[Saved data entries]
■ ■ ■
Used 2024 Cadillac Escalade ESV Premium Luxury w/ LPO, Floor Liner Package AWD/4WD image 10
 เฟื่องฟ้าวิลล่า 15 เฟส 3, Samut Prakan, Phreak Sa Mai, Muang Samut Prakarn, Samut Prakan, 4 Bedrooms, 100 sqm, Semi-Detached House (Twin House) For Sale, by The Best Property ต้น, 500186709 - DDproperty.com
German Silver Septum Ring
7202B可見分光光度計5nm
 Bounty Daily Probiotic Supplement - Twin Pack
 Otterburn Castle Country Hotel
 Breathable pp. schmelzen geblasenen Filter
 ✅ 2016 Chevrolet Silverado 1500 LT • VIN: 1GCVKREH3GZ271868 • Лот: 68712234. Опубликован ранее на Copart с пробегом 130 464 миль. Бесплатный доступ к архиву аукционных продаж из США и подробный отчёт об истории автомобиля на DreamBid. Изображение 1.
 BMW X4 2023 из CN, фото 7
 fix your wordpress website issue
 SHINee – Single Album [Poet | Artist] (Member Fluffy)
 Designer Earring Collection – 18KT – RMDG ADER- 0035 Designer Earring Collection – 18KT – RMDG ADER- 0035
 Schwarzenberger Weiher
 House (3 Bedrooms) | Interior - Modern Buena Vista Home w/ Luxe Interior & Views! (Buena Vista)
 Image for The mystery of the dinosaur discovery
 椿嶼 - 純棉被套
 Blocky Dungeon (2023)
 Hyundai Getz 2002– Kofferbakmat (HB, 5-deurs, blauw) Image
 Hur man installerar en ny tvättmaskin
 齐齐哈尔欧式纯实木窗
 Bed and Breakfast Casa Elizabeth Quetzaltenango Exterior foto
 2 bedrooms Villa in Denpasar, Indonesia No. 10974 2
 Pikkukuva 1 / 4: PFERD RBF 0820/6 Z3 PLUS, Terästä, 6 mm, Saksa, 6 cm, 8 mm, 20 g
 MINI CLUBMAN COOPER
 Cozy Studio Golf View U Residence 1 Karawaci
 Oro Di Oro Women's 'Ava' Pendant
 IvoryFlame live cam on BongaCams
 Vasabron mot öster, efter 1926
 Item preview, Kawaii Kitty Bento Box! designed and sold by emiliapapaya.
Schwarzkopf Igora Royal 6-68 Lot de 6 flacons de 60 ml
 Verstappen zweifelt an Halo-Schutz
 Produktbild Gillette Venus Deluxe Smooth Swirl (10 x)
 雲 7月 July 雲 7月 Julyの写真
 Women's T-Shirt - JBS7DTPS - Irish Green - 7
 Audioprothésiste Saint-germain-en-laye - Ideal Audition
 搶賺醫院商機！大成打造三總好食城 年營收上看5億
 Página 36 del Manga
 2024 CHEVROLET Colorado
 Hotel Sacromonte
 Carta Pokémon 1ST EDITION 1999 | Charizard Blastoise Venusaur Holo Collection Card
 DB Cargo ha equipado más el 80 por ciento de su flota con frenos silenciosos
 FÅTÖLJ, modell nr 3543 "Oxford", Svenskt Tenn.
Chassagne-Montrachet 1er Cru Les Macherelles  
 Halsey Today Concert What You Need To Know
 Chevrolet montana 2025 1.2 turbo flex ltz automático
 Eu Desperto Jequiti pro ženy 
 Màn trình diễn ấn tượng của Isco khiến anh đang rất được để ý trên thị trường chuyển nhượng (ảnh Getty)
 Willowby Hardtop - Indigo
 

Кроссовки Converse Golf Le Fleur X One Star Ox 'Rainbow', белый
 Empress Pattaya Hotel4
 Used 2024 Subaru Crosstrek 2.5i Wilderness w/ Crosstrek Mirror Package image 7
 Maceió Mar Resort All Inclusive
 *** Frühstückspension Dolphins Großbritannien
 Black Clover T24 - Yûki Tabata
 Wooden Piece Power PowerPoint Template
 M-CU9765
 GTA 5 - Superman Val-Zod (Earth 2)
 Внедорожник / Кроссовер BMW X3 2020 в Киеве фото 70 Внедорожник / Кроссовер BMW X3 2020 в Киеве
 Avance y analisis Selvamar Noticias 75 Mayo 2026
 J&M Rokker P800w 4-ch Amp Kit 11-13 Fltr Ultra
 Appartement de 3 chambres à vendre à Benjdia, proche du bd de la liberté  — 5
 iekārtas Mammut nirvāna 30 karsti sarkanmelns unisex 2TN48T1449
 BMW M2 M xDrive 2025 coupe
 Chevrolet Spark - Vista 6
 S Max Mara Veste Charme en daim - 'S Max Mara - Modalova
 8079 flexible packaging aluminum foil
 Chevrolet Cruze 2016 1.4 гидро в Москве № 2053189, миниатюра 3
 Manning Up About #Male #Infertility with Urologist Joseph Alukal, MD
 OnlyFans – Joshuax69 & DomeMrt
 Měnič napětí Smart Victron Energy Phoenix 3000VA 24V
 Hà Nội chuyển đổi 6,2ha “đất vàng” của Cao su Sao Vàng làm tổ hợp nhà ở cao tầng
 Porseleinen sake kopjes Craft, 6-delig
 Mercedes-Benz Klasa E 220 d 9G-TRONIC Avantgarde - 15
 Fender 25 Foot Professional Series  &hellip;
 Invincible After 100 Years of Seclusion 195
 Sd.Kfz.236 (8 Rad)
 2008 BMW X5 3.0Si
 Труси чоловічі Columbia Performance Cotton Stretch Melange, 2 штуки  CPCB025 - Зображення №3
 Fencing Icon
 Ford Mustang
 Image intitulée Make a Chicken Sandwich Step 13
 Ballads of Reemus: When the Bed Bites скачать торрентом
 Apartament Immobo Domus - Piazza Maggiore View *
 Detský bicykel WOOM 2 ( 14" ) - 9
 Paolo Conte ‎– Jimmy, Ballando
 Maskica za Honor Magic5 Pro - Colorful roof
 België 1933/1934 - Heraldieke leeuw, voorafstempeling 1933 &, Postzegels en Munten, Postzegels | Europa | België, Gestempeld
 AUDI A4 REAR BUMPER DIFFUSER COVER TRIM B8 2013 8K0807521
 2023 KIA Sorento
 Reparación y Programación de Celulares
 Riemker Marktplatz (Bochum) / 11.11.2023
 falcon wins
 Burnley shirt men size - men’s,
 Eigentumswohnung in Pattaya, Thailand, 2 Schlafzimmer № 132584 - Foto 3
■ ■ ■
Write down exactly the span of lines above from the one containing "Hyundai Getz 2002–" to the one containing "Women's T-Shirt - JBS7DTPS - Irish Green - 7", both ends included.

 Hyundai Getz 2002– Kofferbakmat (HB, 5-deurs, blauw) Image
 Hur man installerar en ny tvättmaskin
 齐齐哈尔欧式纯实木窗
 Bed and Breakfast Casa Elizabeth Quetzaltenango Exterior foto
 2 bedrooms Villa in Denpasar, Indonesia No. 10974 2
 Pikkukuva 1 / 4: PFERD RBF 0820/6 Z3 PLUS, Terästä, 6 mm, Saksa, 6 cm, 8 mm, 20 g
 MINI CLUBMAN COOPER
 Cozy Studio Golf View U Residence 1 Karawaci
 Oro Di Oro Women's 'Ava' Pendant
 IvoryFlame live cam on BongaCams
 Vasabron mot öster, efter 1926
 Item preview, Kawaii Kitty Bento Box! designed and sold by emiliapapaya.
Schwarzkopf Igora Royal 6-68 Lot de 6 flacons de 60 ml
 Verstappen zweifelt an Halo-Schutz
 Produktbild Gillette Venus Deluxe Smooth Swirl (10 x)
 雲 7月 July 雲 7月 Julyの写真
 Women's T-Shirt - JBS7DTPS - Irish Green - 7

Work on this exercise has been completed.